Pasal tersebut pada intinya menjelaskan, bagi Perusahaan Efek, Bursa Efek, Lembaga Kliring dan Penjaminan, Lembaga Penyimpanan dan Penyelesaian, permohonan pernyataan pailit hanya dapat diajukan oleh Badan Pengawas Pasar Modal.
Majelis juga menilai, ASM tidak bisa menjaga kesehatan keuangan (solvabilitas ) dalam menjalankan usahanya untuk memenuhi kewajiban para pemegang polis seperti diatur dalam Pasal 11 ayat 1a dan 1b Undang-Undang No 2 Tahun 1992 tentang Perasuransian setelah izin usahanya dicabut oleh Kementerian Keuangan pada 28 Desember 2012.
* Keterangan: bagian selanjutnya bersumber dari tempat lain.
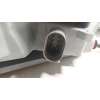 Recambio de piloto trasero derecho para audi tt (8j3) 2.0 tfsi referencia OEM IAM 8J0945096K 8J0945096B 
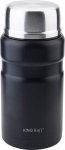 Joogipudel KingHoff, 0,75L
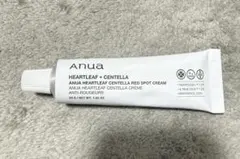 Item thumbnail for item 411062d9-cbde-419d-a515-bf6b0ac8b3cc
Berdasarkan laporan keuangan Triwulan I-2010 rasio tingkat pencapaian solvabilitas ASM kurang dari 120%. Diketahui, jumlah kekayaan ASM saat itu sebesar Rp 62,53 miliar. Sedangkan jumlah cadangan teknis ditambah utang klaim retensi sendiri Rp 76,31 miliar.
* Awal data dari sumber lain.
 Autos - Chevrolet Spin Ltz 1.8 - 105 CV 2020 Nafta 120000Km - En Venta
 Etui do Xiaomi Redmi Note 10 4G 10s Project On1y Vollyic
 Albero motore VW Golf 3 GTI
Saat itu , lanjut Mas'ud, OJK sudah memberikan peringatan kepada ASM sebanyak tiga kali untuk segera memperbaiki kondisi keuangan perusahaan. Tapi peringatan tersebut tak kunjung direspon oleh ASM.
Selain itu, Majelis berpendapat, OJK berhasil membuktikan secara sederhana bahwa ASM memiliki lebih dari satu kreditur. Adapun kreditur lain itu yakni, Perum Jamkrindo dengan total klaim yang telah jatuh tempo per 31 Desember 2015 dengan total klaim Rp 76,36 miliar.
Kemudian, PT BNI Syariah dengan total klaim Rp 3,39 miliar dan PT Bank Pembangunan Daerah Jawa Barat sebesar Rp 55,24 miliar yang timbul berdasarkan perjanjian kerjasama tentang program asuransi.
"Mengadili, menolak eksepsi termohon dan mengabulkan permohonan pemohon untuk seluruhnya serta menyatakan PT ASM dalam keadaan pailit dengan segala akibat hukumnya," ungkap Mas'ud dalam amar putusan yang dibacakan, Selasa (6/9).
Ditemui seusai persidangan Direktur Litigasi dan Bantuan Hukum OJK Rizal Ramadhani memyambut baik putusan majelis hakim tersebut. "Putusan majelis sudah tepat karena memang tujuan dari permohonan pailit ini untuk melindungi kreditur," ucapnya kepada KONTAN.
Menurutnya, OJK memiliki kewenangan untuk melindungi pemegang polis saat asuransi yang bersangkutan sudah tidak bisa lagi mengembalikan dana pemegang polis. Dengan demikian, menurutnya atas putusan majelis ini nasib para kreditur ASM terjamin secara hukum untuk dananya kembali dari penjualan aset yang dilakukan oleh tim kurator.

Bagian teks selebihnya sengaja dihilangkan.